## Task statement:
Go through the following data and transcribe exactly the stretch of lines from the one holding "07775 - Top" to the one holding "Cavalier King Charles", both included.

## Given entries:
########

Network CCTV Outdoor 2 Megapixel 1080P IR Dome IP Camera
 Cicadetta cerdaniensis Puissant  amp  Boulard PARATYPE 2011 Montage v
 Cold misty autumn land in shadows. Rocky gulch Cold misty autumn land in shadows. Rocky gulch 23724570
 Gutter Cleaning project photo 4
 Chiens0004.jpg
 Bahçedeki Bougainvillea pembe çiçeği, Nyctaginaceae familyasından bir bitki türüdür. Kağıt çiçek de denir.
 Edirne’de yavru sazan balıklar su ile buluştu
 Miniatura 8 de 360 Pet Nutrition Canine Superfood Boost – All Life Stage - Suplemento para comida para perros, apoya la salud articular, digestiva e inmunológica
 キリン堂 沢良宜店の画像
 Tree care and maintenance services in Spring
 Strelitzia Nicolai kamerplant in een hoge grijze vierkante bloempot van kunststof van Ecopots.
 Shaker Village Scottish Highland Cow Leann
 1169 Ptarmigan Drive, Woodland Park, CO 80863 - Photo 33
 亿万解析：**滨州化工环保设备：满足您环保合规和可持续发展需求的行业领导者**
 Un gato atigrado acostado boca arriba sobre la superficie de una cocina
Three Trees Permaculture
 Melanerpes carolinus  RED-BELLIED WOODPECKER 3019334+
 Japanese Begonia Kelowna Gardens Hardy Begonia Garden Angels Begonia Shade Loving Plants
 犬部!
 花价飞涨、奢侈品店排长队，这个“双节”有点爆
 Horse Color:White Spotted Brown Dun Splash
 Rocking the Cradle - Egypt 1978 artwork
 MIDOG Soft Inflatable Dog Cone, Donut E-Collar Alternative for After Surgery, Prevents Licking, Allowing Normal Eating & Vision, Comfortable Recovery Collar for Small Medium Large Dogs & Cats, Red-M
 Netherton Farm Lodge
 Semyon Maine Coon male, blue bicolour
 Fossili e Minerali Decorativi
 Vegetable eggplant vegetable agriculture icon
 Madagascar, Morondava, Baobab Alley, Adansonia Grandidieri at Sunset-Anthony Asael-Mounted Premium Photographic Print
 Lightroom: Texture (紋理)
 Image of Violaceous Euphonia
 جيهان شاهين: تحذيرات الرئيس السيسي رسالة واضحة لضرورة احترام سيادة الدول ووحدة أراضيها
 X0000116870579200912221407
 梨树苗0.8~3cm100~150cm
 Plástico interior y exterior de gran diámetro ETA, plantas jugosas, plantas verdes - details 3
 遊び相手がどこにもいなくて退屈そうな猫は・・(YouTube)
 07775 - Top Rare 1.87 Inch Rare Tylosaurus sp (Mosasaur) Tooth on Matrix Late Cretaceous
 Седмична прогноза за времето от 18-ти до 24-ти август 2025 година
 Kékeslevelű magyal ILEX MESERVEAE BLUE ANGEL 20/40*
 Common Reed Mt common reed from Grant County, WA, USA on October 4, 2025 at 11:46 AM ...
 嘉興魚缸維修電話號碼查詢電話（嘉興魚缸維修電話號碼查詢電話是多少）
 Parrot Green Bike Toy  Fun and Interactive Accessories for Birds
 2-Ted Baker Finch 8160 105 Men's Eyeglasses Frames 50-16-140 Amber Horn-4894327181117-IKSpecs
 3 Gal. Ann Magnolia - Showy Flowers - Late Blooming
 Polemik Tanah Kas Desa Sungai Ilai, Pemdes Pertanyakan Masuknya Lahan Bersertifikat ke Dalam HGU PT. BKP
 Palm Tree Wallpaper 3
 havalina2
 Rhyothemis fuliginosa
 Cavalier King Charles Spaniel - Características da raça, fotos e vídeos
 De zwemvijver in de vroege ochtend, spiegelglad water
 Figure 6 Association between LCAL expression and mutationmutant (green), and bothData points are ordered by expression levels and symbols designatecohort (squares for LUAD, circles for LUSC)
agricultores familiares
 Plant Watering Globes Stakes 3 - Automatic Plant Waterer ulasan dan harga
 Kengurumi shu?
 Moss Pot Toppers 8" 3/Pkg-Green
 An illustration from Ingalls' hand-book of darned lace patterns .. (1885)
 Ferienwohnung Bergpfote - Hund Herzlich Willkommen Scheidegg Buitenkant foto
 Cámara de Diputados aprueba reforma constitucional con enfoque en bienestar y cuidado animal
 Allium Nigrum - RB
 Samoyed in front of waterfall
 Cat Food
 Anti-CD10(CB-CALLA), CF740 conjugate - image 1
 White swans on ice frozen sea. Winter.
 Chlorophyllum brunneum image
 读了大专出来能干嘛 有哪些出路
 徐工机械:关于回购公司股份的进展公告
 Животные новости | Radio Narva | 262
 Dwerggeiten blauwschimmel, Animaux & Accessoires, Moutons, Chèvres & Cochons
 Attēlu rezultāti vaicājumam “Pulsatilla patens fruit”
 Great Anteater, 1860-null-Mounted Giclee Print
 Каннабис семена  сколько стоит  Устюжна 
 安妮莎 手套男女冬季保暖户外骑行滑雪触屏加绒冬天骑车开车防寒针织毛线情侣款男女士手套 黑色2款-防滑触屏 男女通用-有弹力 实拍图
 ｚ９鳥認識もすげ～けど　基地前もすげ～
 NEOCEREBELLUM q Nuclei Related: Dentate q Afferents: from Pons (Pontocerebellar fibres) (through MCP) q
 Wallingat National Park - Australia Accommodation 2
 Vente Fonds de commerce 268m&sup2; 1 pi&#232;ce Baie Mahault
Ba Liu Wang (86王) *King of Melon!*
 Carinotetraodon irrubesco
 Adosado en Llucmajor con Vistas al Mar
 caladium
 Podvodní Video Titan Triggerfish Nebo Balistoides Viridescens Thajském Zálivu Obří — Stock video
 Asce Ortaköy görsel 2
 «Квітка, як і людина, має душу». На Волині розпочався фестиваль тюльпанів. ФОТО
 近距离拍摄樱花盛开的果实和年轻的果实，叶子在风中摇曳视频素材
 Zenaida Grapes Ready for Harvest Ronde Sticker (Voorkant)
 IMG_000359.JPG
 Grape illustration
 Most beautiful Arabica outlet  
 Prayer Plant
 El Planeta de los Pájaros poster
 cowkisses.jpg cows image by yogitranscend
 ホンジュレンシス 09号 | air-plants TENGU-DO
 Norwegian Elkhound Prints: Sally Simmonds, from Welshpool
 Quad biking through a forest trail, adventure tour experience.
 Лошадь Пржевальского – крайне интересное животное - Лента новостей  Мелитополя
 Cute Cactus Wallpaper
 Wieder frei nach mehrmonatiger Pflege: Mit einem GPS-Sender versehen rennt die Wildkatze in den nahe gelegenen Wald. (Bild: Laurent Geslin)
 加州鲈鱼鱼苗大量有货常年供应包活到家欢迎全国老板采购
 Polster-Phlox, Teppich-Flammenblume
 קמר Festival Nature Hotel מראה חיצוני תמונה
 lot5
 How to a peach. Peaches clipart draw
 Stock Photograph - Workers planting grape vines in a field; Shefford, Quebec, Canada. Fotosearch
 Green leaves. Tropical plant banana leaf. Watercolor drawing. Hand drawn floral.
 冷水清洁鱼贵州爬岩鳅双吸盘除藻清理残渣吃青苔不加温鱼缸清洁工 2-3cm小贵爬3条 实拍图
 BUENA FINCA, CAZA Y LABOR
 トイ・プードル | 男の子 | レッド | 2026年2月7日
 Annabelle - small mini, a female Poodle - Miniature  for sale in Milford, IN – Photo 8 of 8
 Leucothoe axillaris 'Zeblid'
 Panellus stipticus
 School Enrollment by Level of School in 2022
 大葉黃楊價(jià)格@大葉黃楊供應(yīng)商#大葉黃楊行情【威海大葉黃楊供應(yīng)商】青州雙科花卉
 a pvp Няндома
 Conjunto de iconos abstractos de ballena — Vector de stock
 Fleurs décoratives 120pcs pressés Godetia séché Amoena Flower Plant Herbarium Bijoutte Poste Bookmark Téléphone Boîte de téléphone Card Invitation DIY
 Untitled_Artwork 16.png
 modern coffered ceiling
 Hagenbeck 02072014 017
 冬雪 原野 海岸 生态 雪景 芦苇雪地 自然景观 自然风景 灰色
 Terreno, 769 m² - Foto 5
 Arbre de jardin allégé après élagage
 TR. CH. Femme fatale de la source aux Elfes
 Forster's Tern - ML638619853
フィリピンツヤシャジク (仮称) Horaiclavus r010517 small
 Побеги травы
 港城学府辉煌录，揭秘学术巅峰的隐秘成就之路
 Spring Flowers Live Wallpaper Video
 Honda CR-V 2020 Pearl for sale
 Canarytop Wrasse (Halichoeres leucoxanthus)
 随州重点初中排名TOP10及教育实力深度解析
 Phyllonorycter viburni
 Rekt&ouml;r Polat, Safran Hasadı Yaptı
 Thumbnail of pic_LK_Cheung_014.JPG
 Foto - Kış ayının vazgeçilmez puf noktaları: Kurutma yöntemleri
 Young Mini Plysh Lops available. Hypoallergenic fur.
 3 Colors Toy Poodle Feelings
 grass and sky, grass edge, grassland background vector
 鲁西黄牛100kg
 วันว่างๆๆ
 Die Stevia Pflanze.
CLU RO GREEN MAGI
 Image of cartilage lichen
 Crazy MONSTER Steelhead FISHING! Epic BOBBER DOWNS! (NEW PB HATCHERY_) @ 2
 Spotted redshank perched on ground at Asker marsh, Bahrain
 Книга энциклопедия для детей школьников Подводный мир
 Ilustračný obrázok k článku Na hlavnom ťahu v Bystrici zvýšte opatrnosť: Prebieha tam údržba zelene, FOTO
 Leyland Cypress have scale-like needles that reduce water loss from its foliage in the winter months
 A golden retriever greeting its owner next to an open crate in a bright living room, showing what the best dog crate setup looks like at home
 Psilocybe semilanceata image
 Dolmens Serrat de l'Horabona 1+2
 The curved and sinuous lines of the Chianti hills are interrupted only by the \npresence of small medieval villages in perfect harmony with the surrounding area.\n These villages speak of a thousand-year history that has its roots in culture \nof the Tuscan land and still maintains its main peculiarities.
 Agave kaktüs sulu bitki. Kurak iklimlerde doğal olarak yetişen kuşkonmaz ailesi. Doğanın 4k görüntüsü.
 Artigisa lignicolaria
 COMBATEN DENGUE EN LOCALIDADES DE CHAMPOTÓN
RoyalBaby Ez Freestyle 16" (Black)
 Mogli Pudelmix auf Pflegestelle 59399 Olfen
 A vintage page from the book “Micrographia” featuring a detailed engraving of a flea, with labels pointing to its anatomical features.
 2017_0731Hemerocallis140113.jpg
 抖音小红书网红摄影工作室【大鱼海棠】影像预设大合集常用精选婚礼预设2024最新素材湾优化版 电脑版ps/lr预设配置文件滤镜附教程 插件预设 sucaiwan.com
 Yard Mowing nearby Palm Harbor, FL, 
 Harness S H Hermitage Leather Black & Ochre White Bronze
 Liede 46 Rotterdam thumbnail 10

########

## Worked solution:
 07775 - Top Rare 1.87 Inch Rare Tylosaurus sp (Mosasaur) Tooth on Matrix Late Cretaceous
 Седмична прогноза за времето от 18-ти до 24-ти август 2025 година
 Kékeslevelű magyal ILEX MESERVEAE BLUE ANGEL 20/40*
 Common Reed Mt common reed from Grant County, WA, USA on October 4, 2025 at 11:46 AM ...
 嘉興魚缸維修電話號碼查詢電話（嘉興魚缸維修電話號碼查詢電話是多少）
 Parrot Green Bike Toy  Fun and Interactive Accessories for Birds
 2-Ted Baker Finch 8160 105 Men's Eyeglasses Frames 50-16-140 Amber Horn-4894327181117-IKSpecs
 3 Gal. Ann Magnolia - Showy Flowers - Late Blooming
 Polemik Tanah Kas Desa Sungai Ilai, Pemdes Pertanyakan Masuknya Lahan Bersertifikat ke Dalam HGU PT. BKP
 Palm Tree Wallpaper 3
 havalina2
 Rhyothemis fuliginosa
 Cavalier King Charles Spaniel - Características da raça, fotos e vídeos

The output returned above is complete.